Goal of the exercise. Beginning at the line with "POP ICE (10 sachets) - Aneka Rasa", please repeat each line exactly through the end of the records below, including that first line and the last, but no pictures.

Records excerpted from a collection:
-- -- --
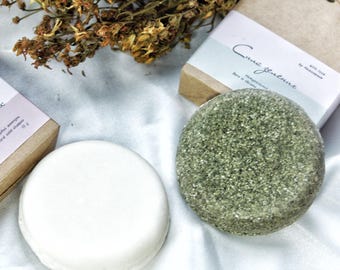 Natürliche handgemachte feste Shampoo Bar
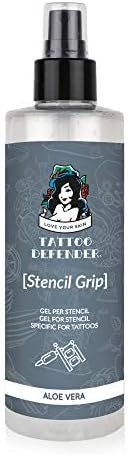 Tattoo Defender STENCIL GRIP - Gel for stencil specific for tattoo transfer 200ml - 6,76 oz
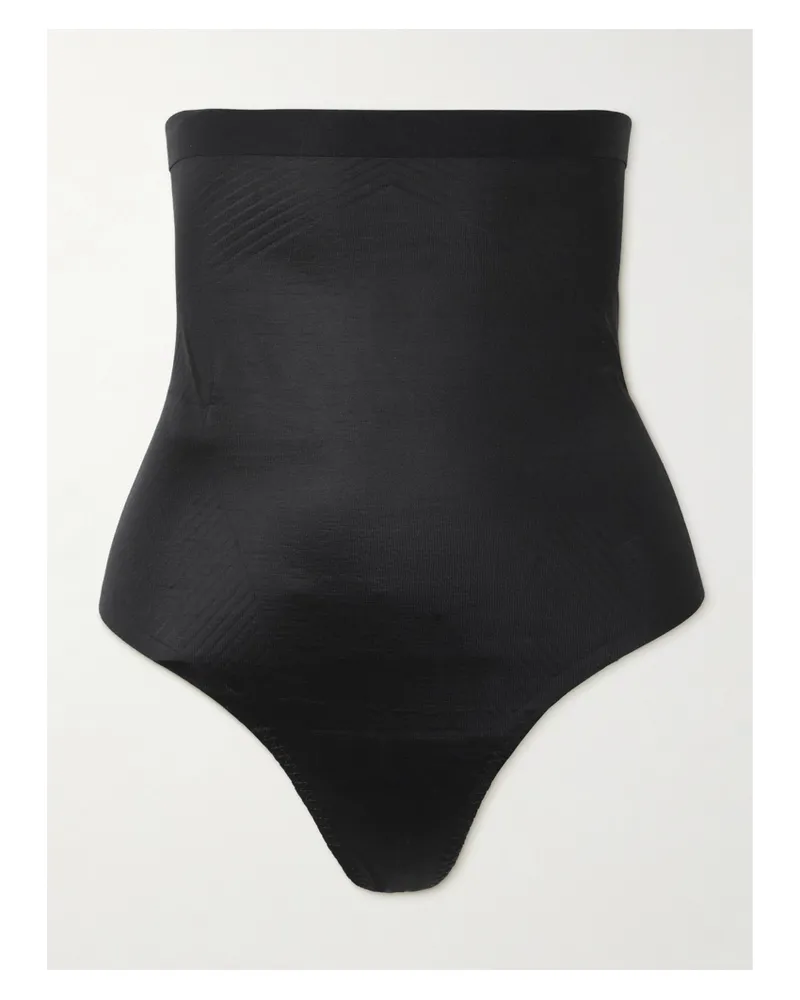 Spanx Spanxshape™ Invisible High-waisted Thong - Black Black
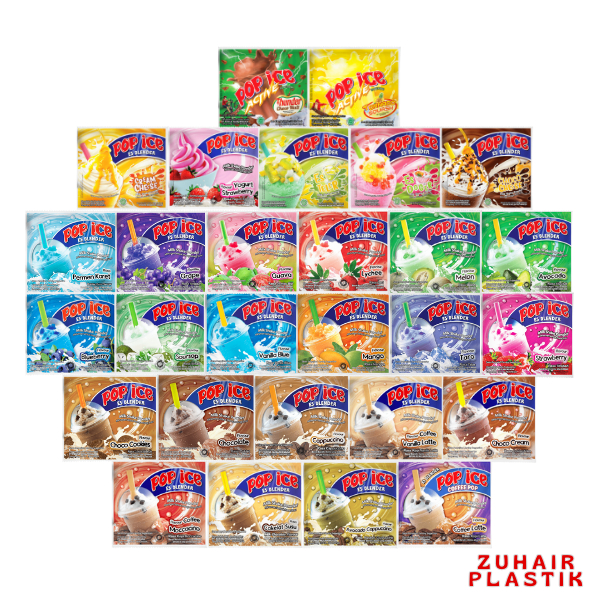 

POP ICE (10 sachets) - Aneka Rasa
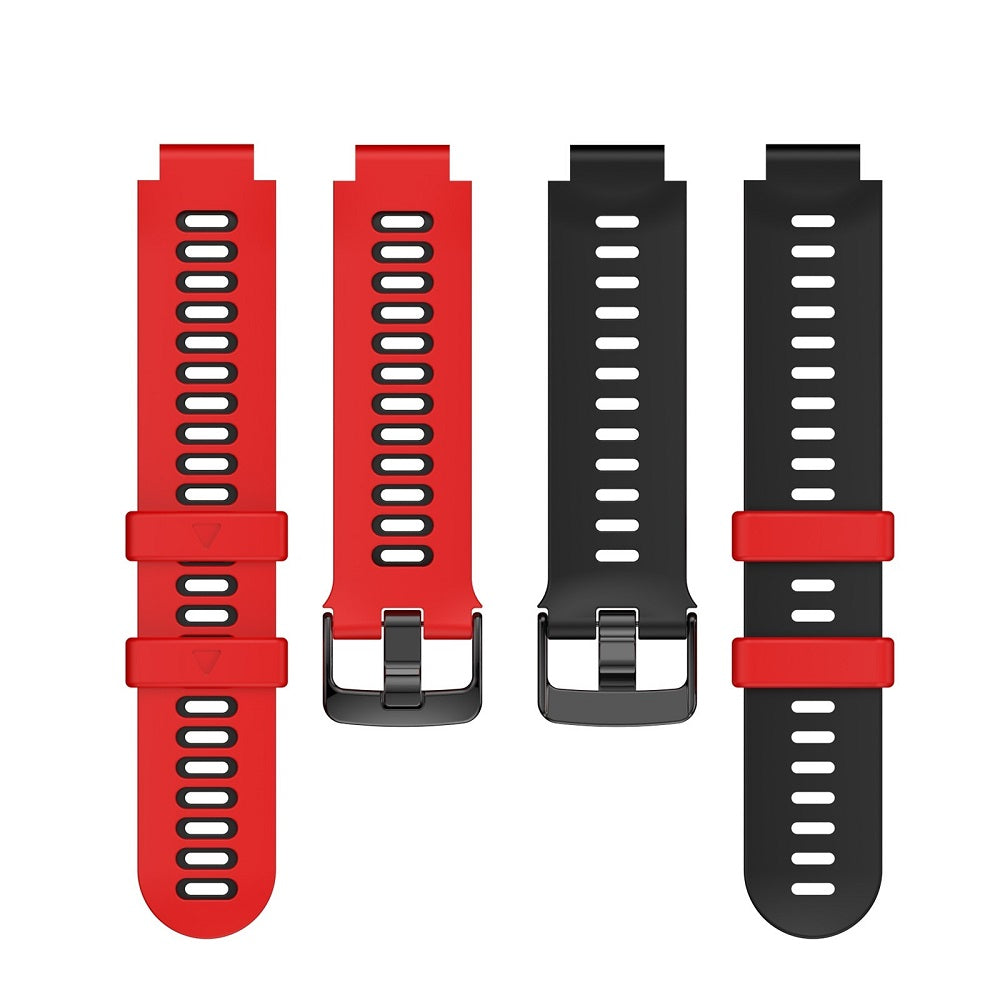 Behagelige silikonreimer som passer Garmin Approach S20/S5/S6 og Garmin Forerunner 220/230/235/620/630/735/735XT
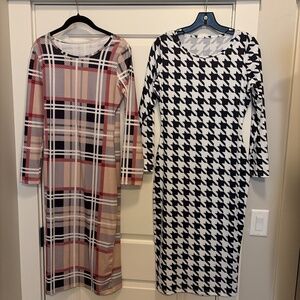 2 Dresses for Business or Happy Hour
-- -- --
Exercise answer.
POP ICE (10 sachets) - Aneka Rasa
 Behagelige silikonreimer som passer Garmin Approach S20/S5/S6 og Garmin Forerunner 220/230/235/620/630/735/735XT
 2 Dresses for Business or Happy Hour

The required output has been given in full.